I'm a partner and co-head of our international Competition & EU group. I also lead the Competition & EU team in Denmark. I have a particular focus on applying competition & EU law as a tool to achieve specific and measurable business objectives for our clients.

The Maritime and Commercial Court has ruled in favour of the Danish Competition and Consumer Authority (“DCCA”) in a judgment, where it found that that evidence obtained in a dawn raid was not “out of scope”.

In March 2023, the Danish Competition Council (“DCC”) found that the Danish chain of independent retailers of baby and children's products – ØnskeBørn A/S (“ØnskeBørn”) – had infringed Article 6 of the Danish Competition Act and Article 101(1) TFEU.

The finding of an infringement was based on the evidence obtained in a dawn raid executed in November 2020, which demonstrated that ØnskeBørn had coordinated prices on certain baby and children’s products between its independent members.

However, according to ØnskeBørn, the DCCA did not have the right to use such material concerning horizontal coordination of prices from the aforementioned dawn raid. This claim was based on the fact that the background for the dawn raid was unquestionably that the DCCA had received a series of inquiries regarding possible retail price maintenance in the baby and children's products industry, i.e. vertical restrictions. ØnskeBørn therefore argued that the DCCA’s use of the material was "out of scope" in relation to the basis of the inspection. According to ØnskeBørn, the DCCA should therefore have carried out a separate investigation concerning the matter of the horizontal price coordination.
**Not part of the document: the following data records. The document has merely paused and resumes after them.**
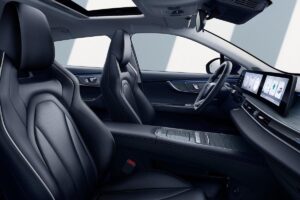 Omoda 5 : le SUV chinois qui veut conquérir l’Europe, fabriqué en Espagne !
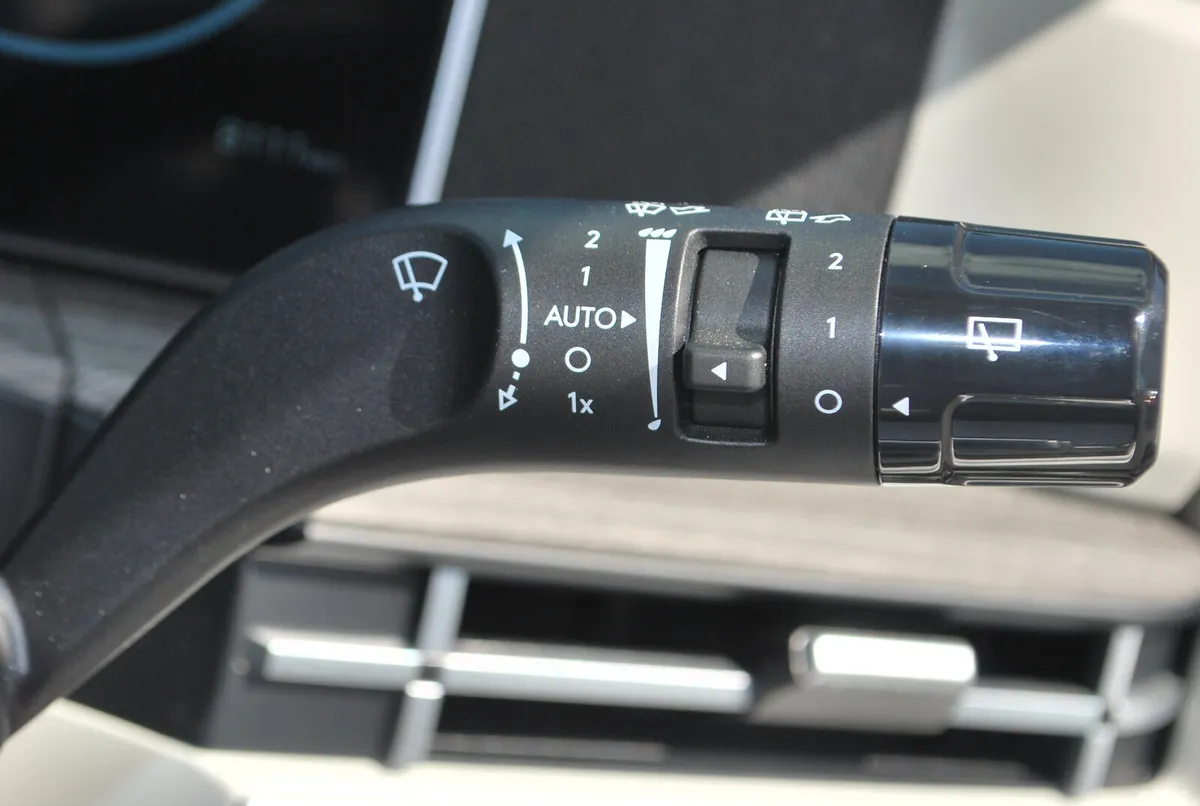 Hyundai Santa Fe SUV, Petrol Plug-in Hybrid, 2025, Grey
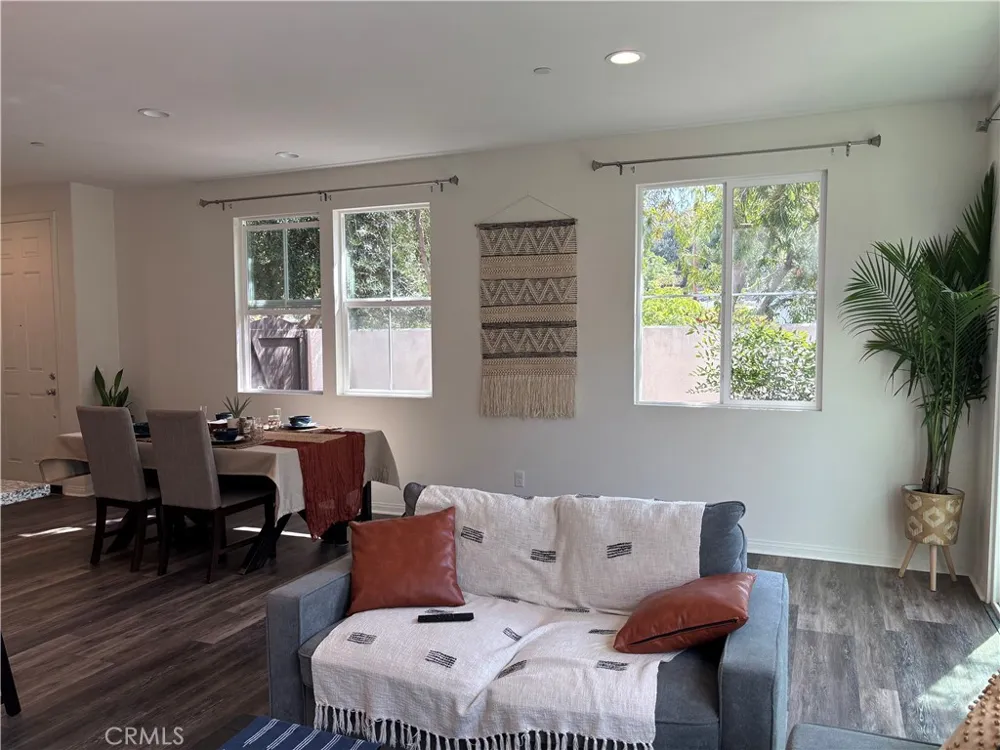 4816 E Washington Orange, CA 92869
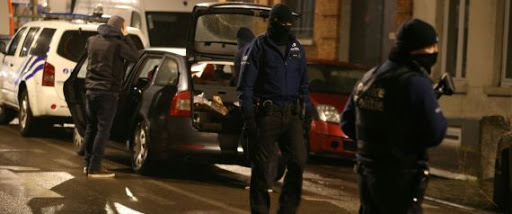 Après avoir déjoué un attentat, les services de sécurité français mènent des enquêtes tous azimuts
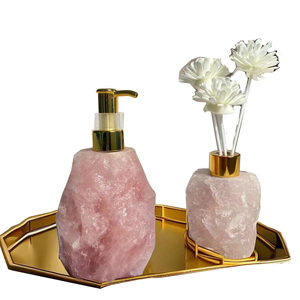 Bouteille de diffuseur d'arôme de roseau de quartz rose de cristal de pierres précieuses brutes - Product Image 1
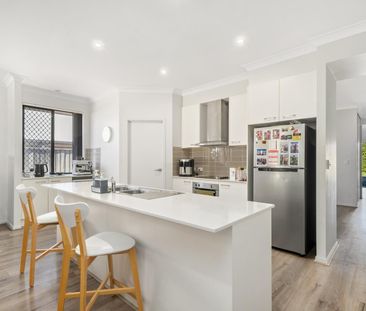 Stunning & Spacious Home in North Lakes - Photo 6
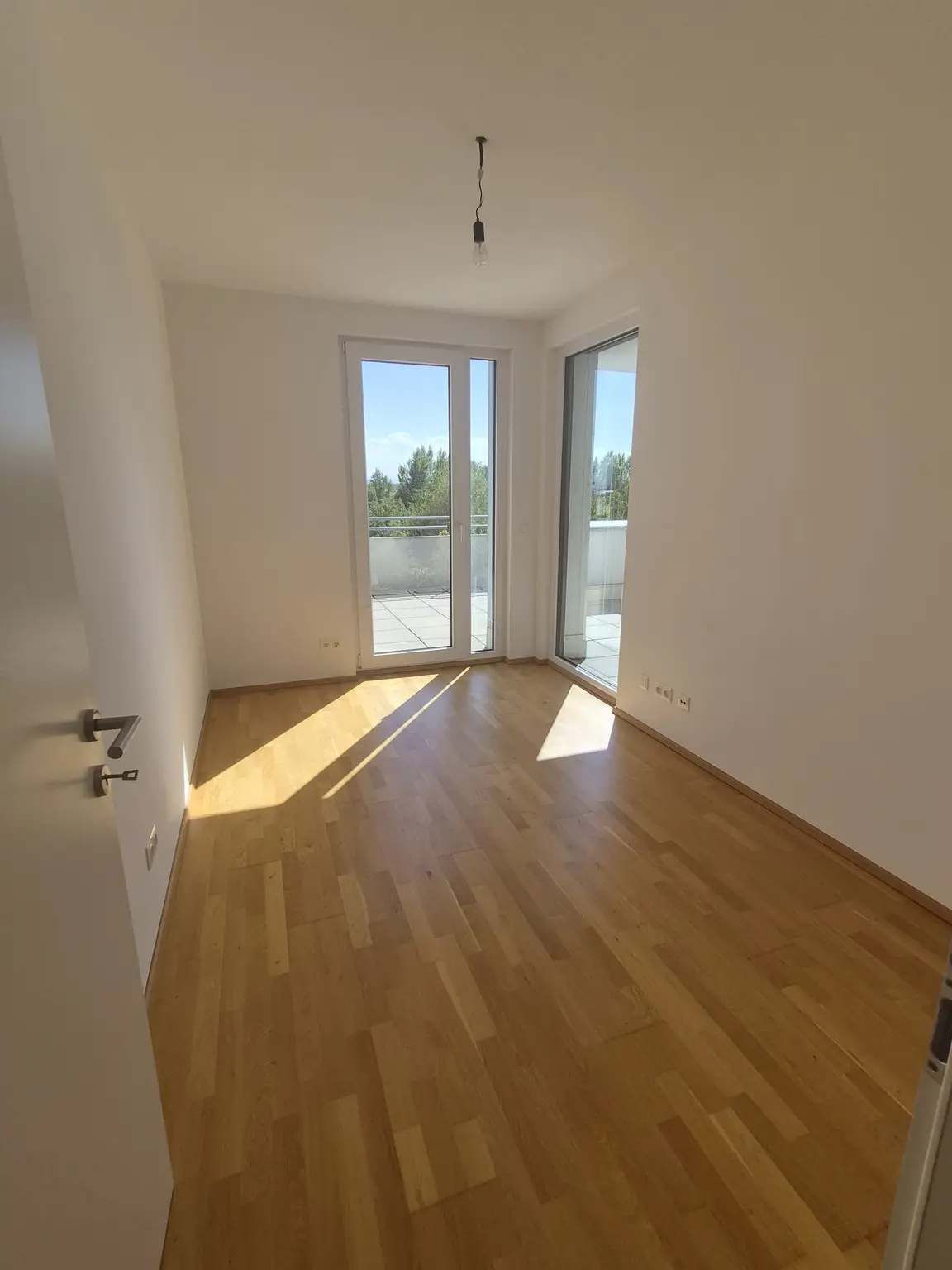 Wohnen wie im Urlaub - Dachterrassenwohnung mit Seezugang und traumhaften Ausblick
However, the Maritime and Commercial Court disagreed with ØnskeBørn. In its judgment, the court found that the purpose of the decision for the dawn raid was to confirm or disprove the DCCA’s presumption that there were anti-competitive activities taking place in the industry in the form of agreements, decisions, or coordinated practices that directly or indirectly had at its object or effect to restrict competition. While this was based on an indication of retail price maintenance, the court found that this did not entail that the materials gathered in the dawn rate was to be excluded from being used for other types of anticompetitive agreements.
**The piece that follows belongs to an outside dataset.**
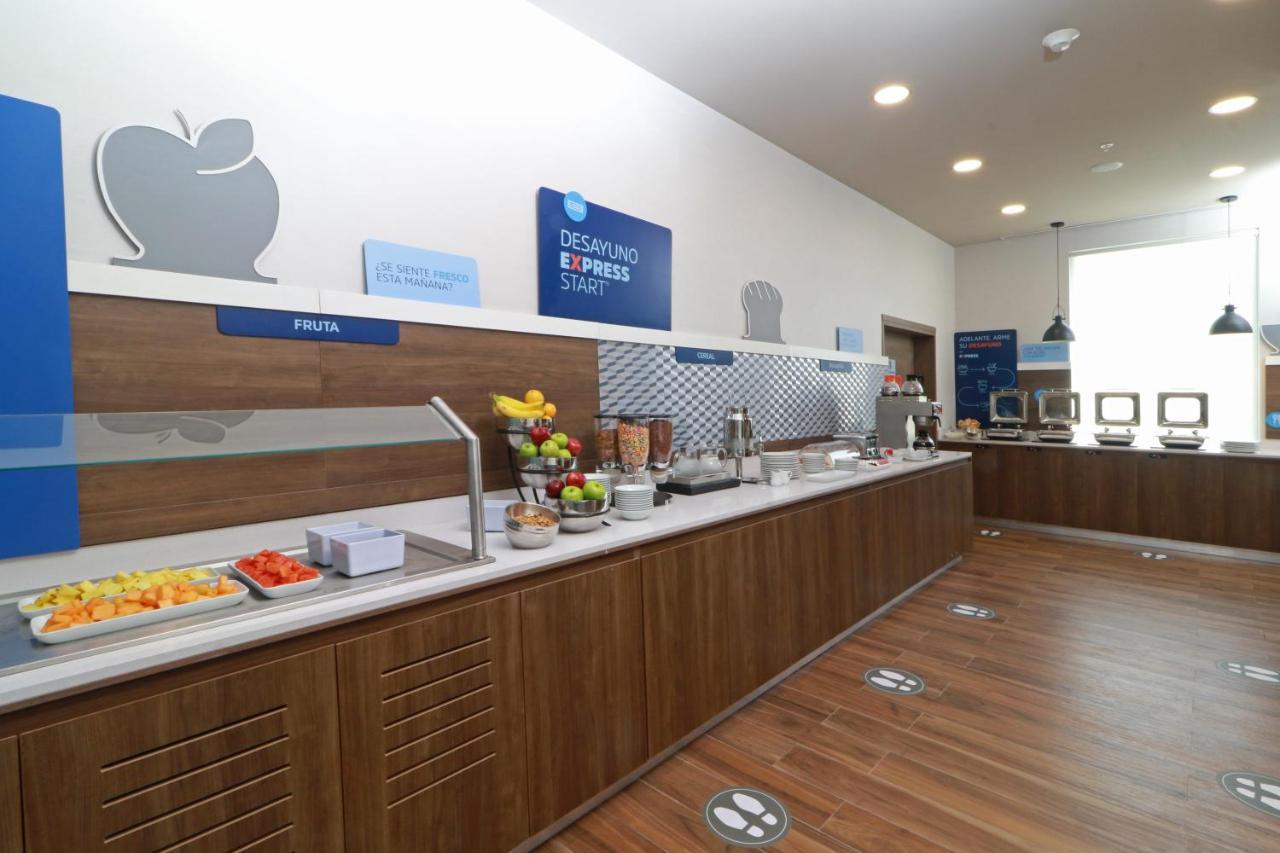 Holiday Inn Express - Monterrey - Fundidora By Ihg Exterior photo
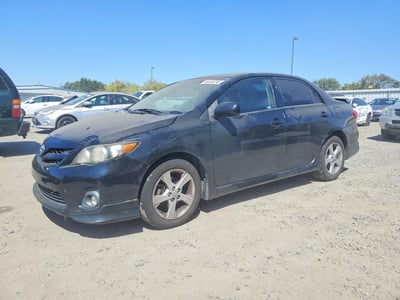 5YFBU4EEXDP****** 2013 Toyota Corolla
It is debatable whether this judgment entails that the requirement of a certain level of suspicion before the DCCA can be allowed to conduct an investigation of a company (under Article 18 of the Danish Competition Act) becomes illusory. If it is generally allowed for the DCCA to use documents from an investigation that was originally based on other grounds, it may result in the authority going on "fishing expeditions" at companies, which the provision should protect against. Consequently, there is a risk that the provision loses its protective value.

ØnskeBørn has appealed the ruling.

For more information, please contact Morten Nissen, Alexander Brøchner or Nanna Sofie Krabbe.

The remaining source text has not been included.